▸ DIRECTIONS: Give an exact copy of the data that follows, but none of its pictures.

▸ DATASET SECTION:
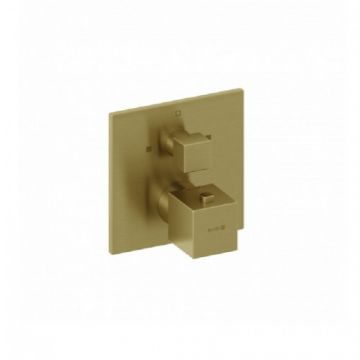 Baterie cada/dus incastrata, termostata, monocomanda Kludi Decus, auriu periat - Culoare Auriu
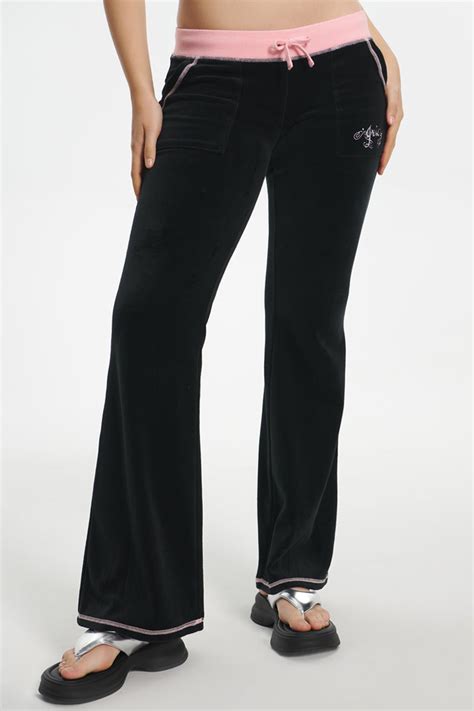 Sweetheart Cotton Velour Track Pants Juicy Couture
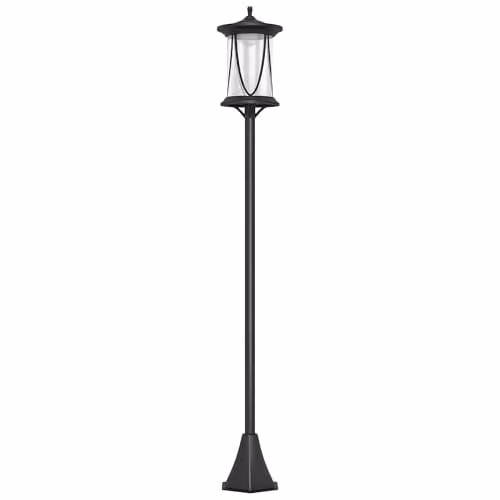 Outsunny Solar LED Outdoor Street Lamp Post in Black with Cool White Light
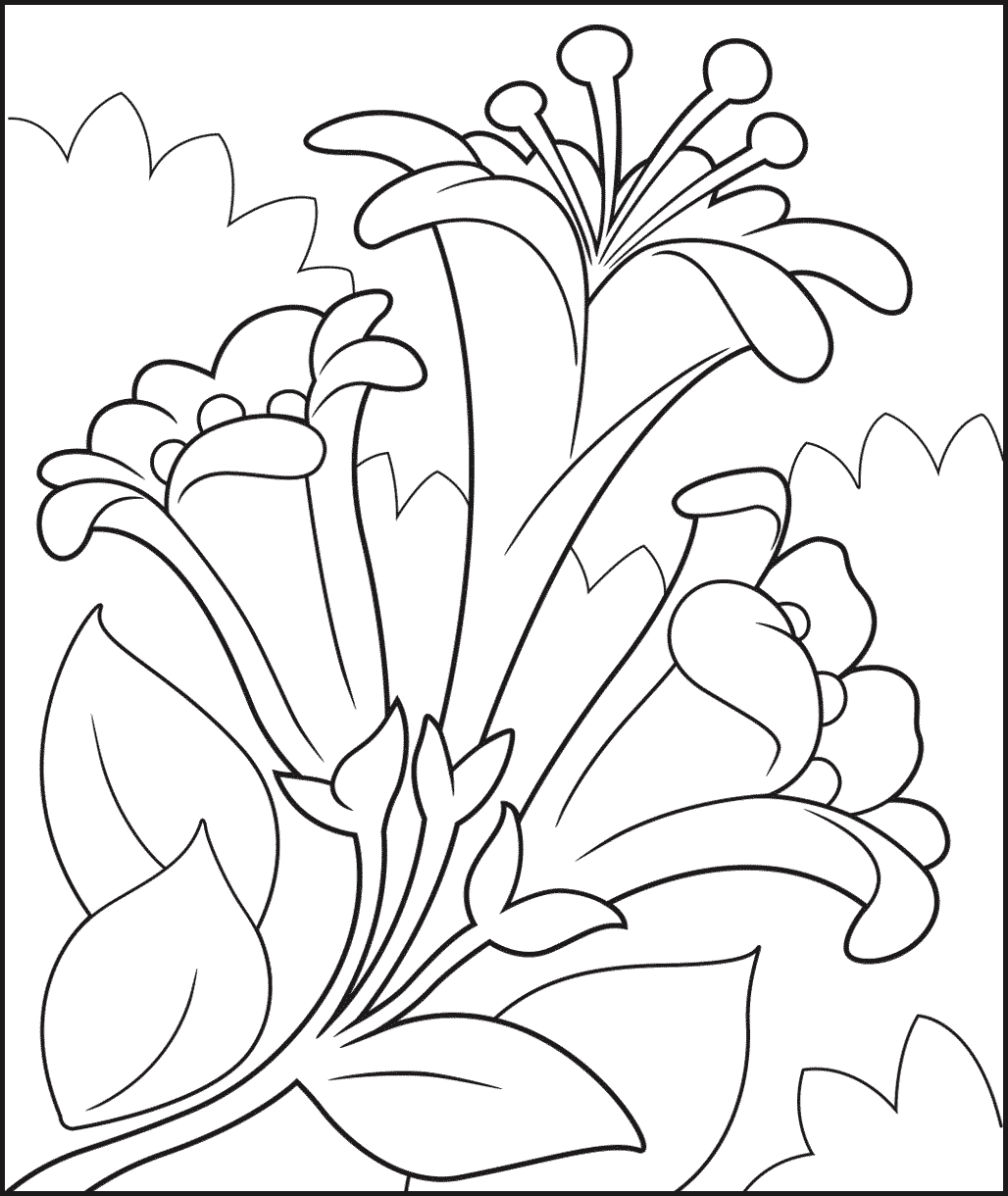 Easter Lilies Coloring Page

▸ ANSWER TO THIS EXERCISE:
 Baterie cada/dus incastrata, termostata, monocomanda Kludi Decus, auriu periat - Culoare Auriu
 Sweetheart Cotton Velour Track Pants Juicy Couture
 Outsunny Solar LED Outdoor Street Lamp Post in Black with Cool White Light
 Easter Lilies Coloring Page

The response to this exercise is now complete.